# Unmarking Bad Sectors



## Fleekar (Apr 8, 2008)

So the other day I ran scandisk on my 300gb external Buffalo(Maxtor) hard drive. I had just finished burning a bunch of DVDs from it. I had about 40gb of free space. After running it with the options to automatically fix errors and attempt recovery of bad sectors, I suddenly found my HD full the next day when trying to copy files into it. Did a chkdsk and found that ALL 40 of those gigs became marked as bad sectors and were no longer accessible. I'm quite sure the HD is fine as I still continue to use it and the sectors have not increased in the past few days. I think it was an error on scandisk's part.

So now I'm wondering how to unmark or remove those bad sectors to make them available again without having to reformat. So far I'm using HDD regenerator 1.51 as I've heard it can recover them but it is extremely slow. It's able to scan about 1 gb every 1.5 hours. Scanning the whole thing would take almost 3 weeks. Of course I'll use it as an option but is there a faster way? Or at least a way to find the sectors since the program can start wherever u specify. That way I won't have to scan over clean sectors. So far I've only gone through 10 gb in the past 2 days and it has found nothing yet.

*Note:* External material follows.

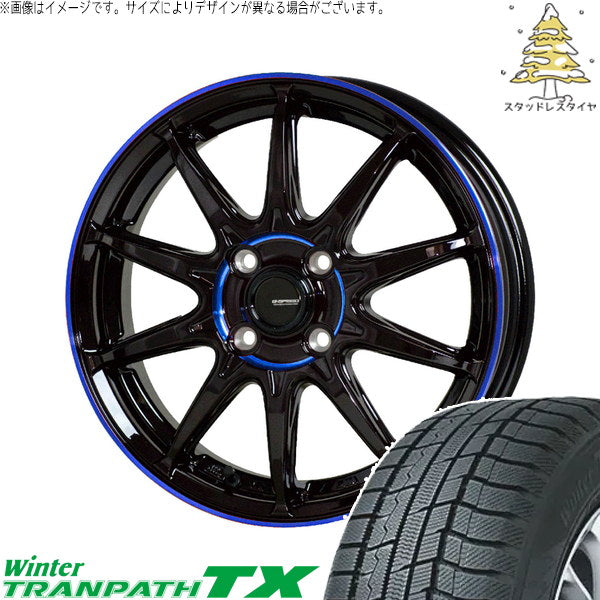 トーヨータイヤ ウィンタートランパス TX 165/60R15 ＋ Gスピード P05R ブラック/ブルークリア 15インチ 4.5J +45 4H100P スタッドレス・ホイール4本セット。1枚目。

If my drive is indeed on route toward total failure I might just buy a new external and put this one away after transferring files, but I'm thinking that isn't the case.


----------



## W1zzard (Apr 8, 2008)

40 gb of bad sectors has a cause other than actual bad sectors.

is scandisk even supposed to work on external drives?

can you put the disk into your pc and check if it shows the errors there too ?

if yes, RMA


----------